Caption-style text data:
-*-

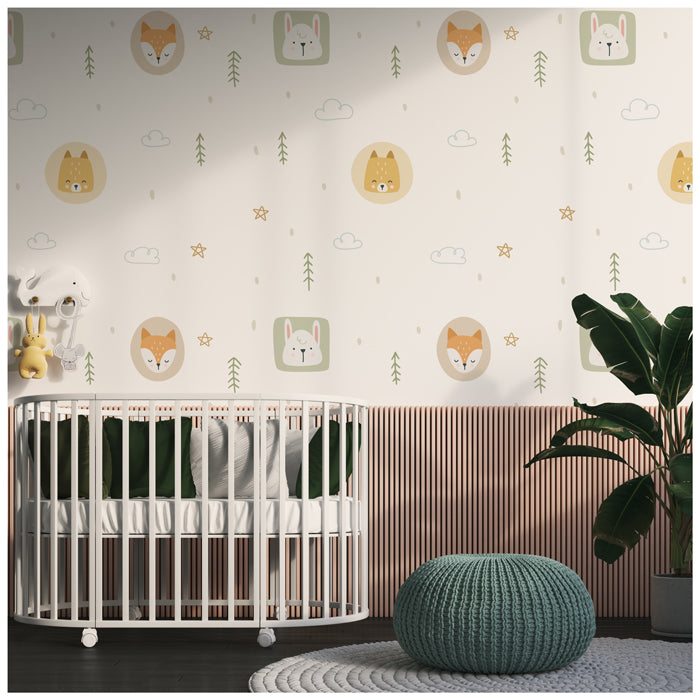 Little Forest Faces Seamless Pattern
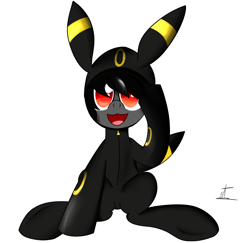 Size: 2300x2233 | Tagged: safe, artist:almaustral, oc, oc only, earth pony, pony, umbreon, :d, clothes, costume, earth pony oc, high res, kigurumi, open mouth, pokémon, signature, simple background, smiling, solo, white background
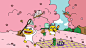 kakao friends illust : picnic : cherry blossom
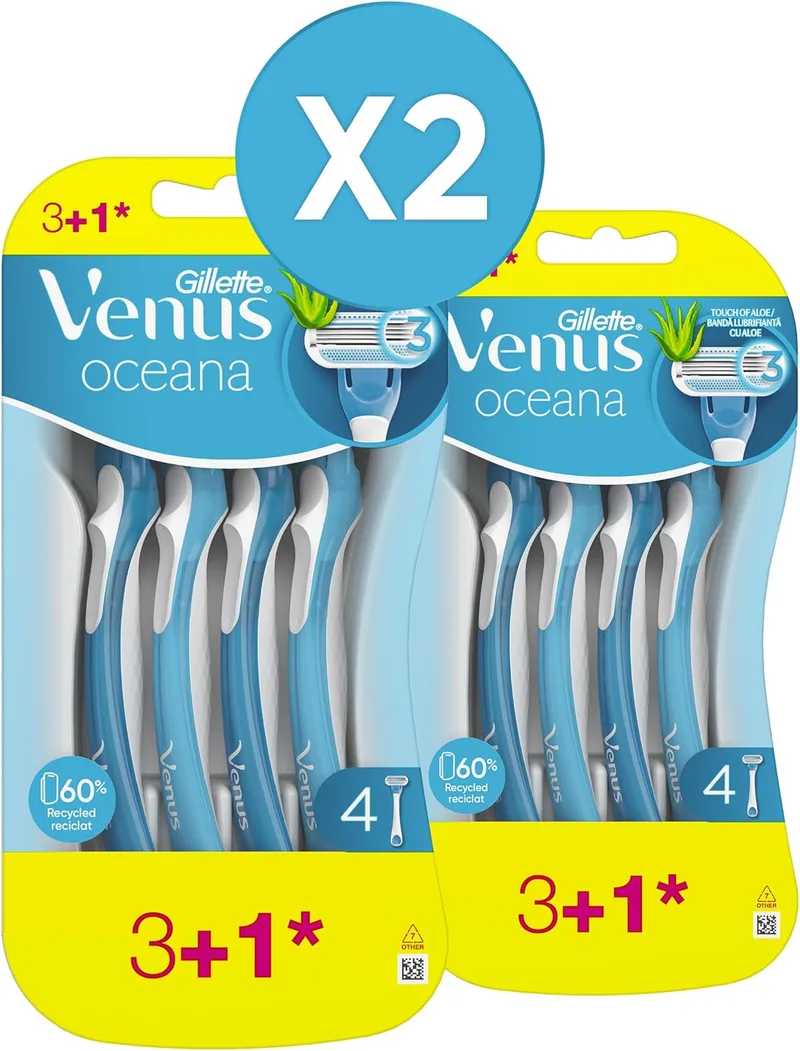 Gillette Venus ▫️ Lâminas descartáveis Oceana para mulher - 4 unidades, padrão (embalagem de 2)
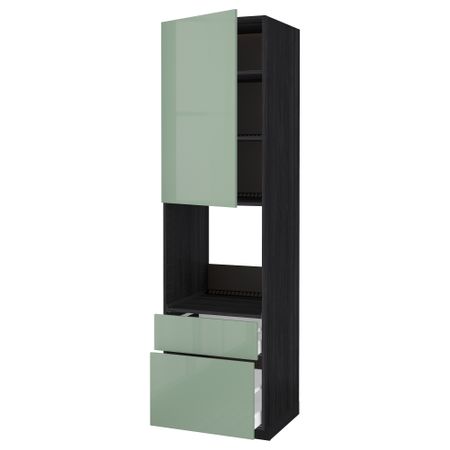 Высокий шкаф для/дхвк+двр/2фрнт/1срд/1 встроенный ящик МЕТОД / МАКСИМЕРА, черный, Калларп светло-зеленый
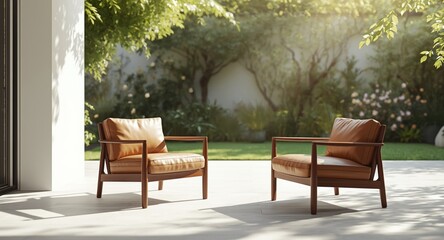Obraz premium Two stylish leather chairs featuring rich hardwood construction set on white outdoor comfort deck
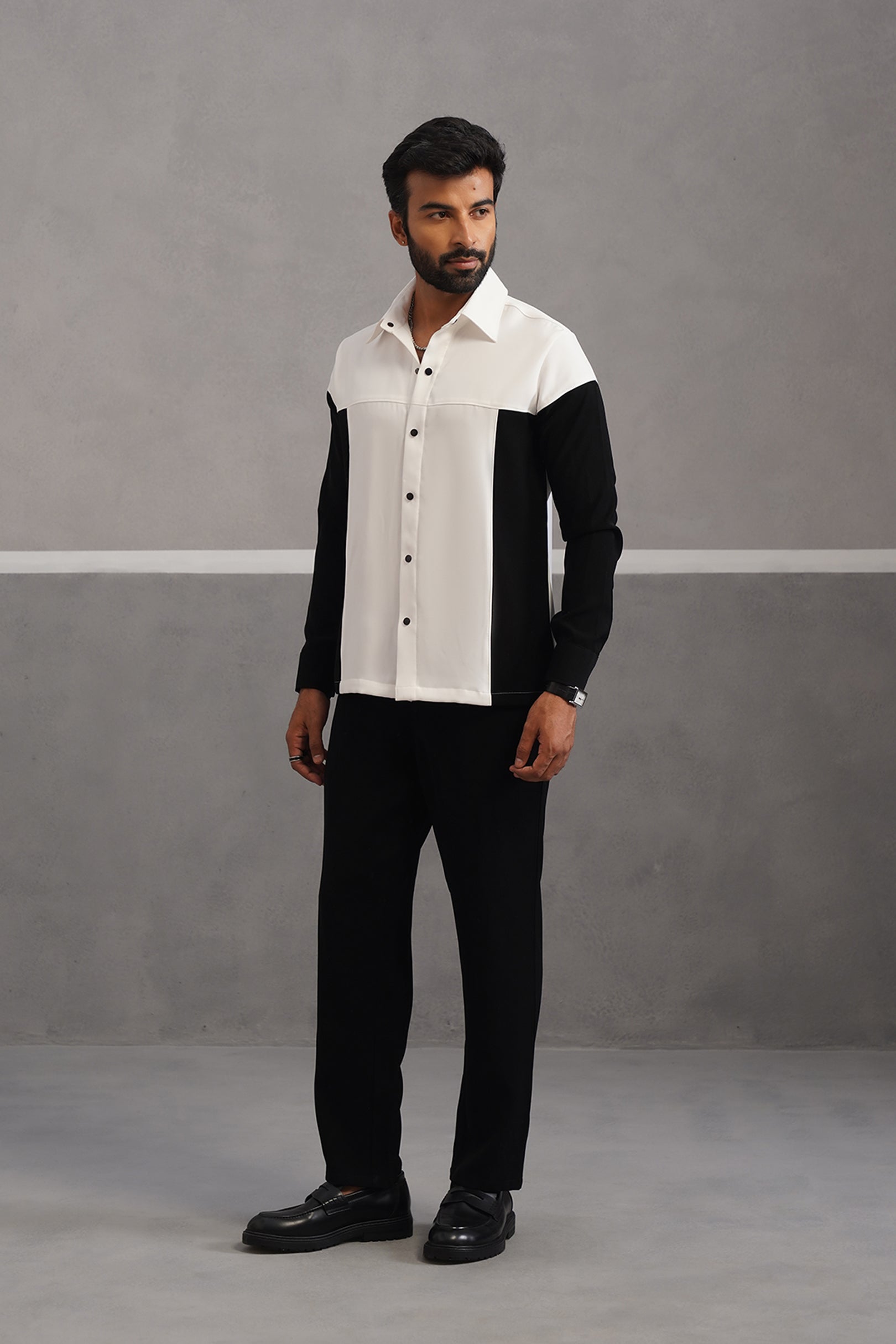 Luxury Patchwork Shirt Coord Set - White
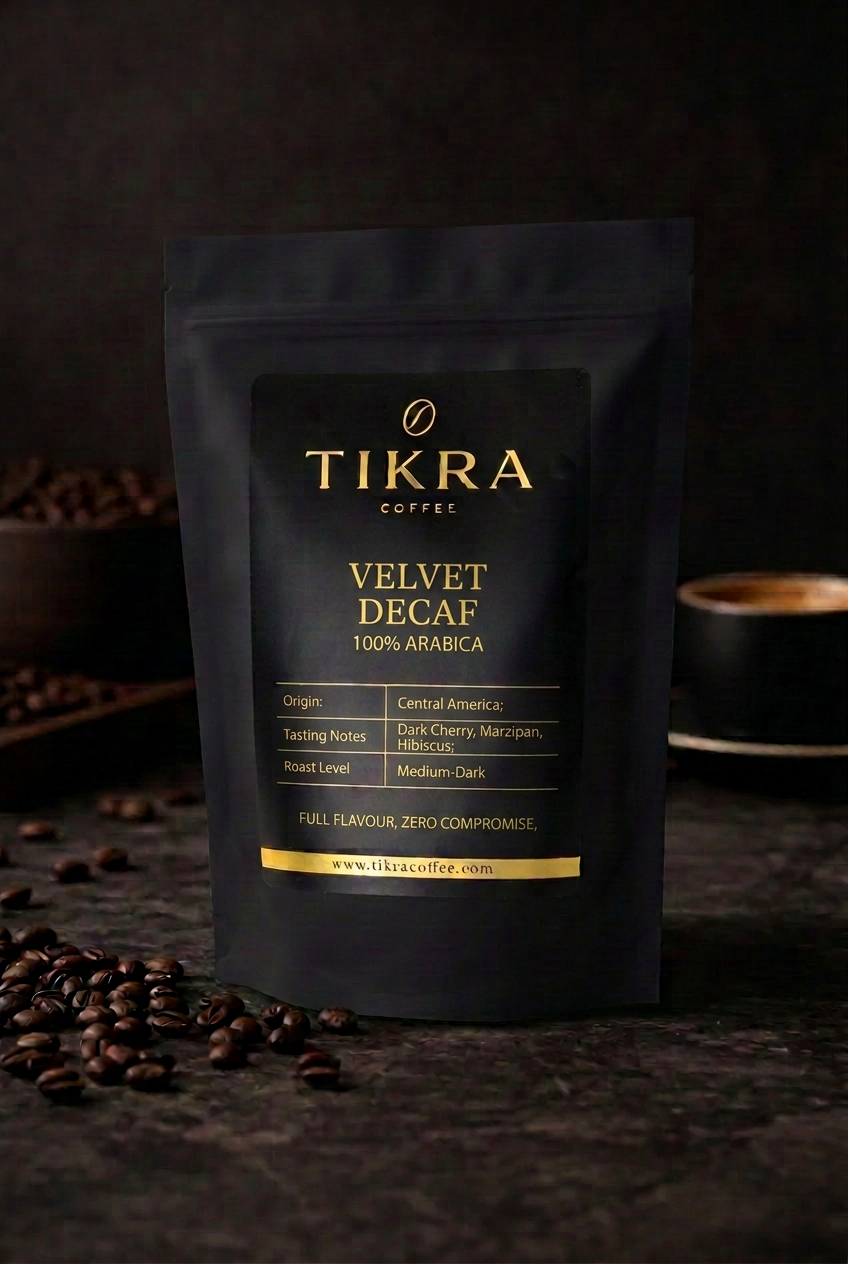 Tikra Velvet Decaf — Central American blend, 100% Arabica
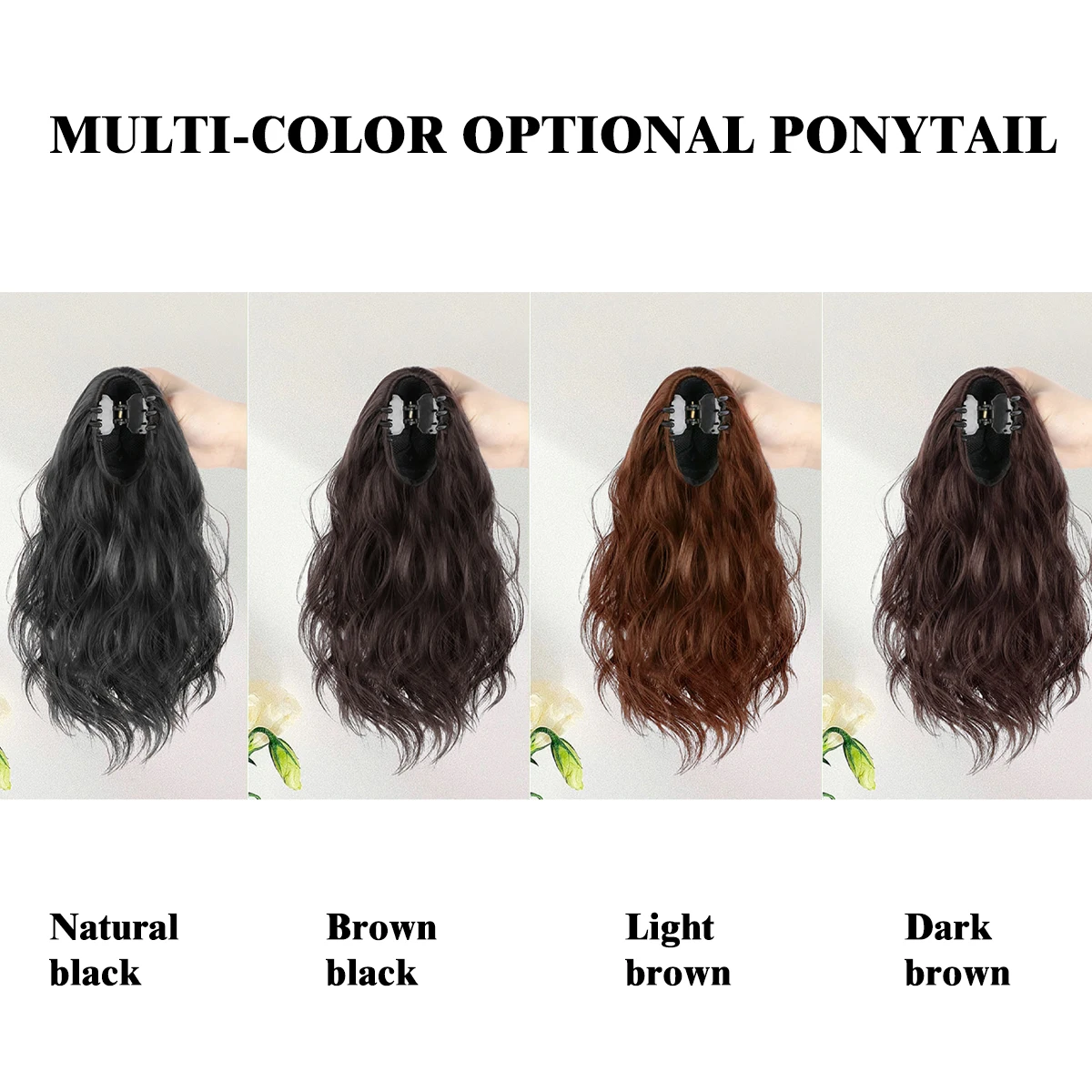 Peruca de rabo de cavalo com ondulação de água sintética de cabelo curto e encaracolado apertado na cauda de cavalo de uma mulher para obter um rabo de cavalo falso naturalmente encaracolado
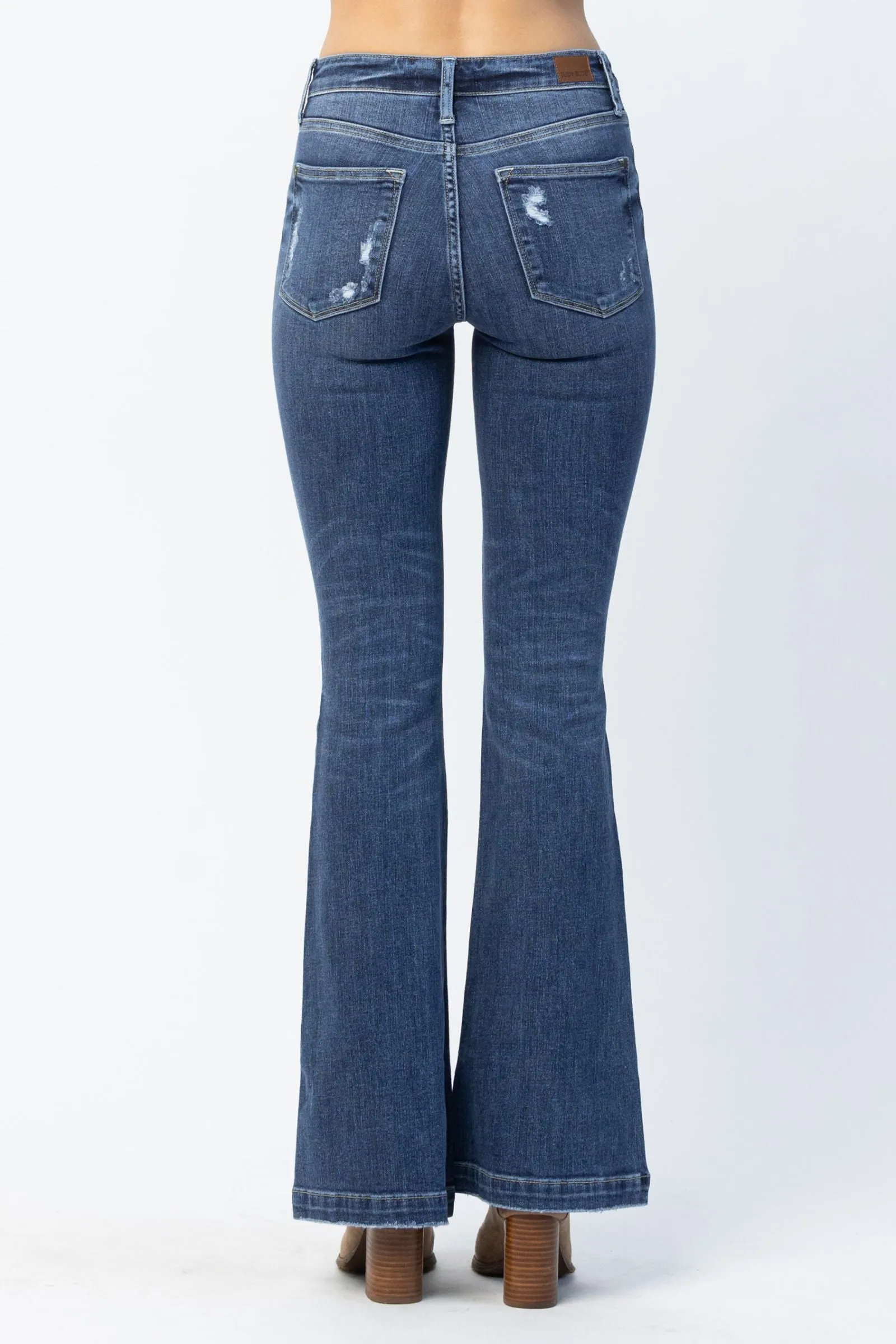 Lucy Judy Blue 5 Button Distressed Bootcut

-*-

| ABOUT THIS TASK |
Return exactly the lines that begin with the one containing "Obraz premium Two" and end with the final line of the data above; include no pictures.

| SOLUTION TO THIS EXERCISE |
Obraz premium Two stylish leather chairs featuring rich hardwood construction set on white outdoor comfort deck
 Luxury Patchwork Shirt Coord Set - White
 Tikra Velvet Decaf — Central American blend, 100% Arabica
 Peruca de rabo de cavalo com ondulação de água sintética de cabelo curto e encaracolado apertado na cauda de cavalo de uma mulher para obter um rabo de cavalo falso naturalmente encaracolado
 Lucy Judy Blue 5 Button Distressed Bootcut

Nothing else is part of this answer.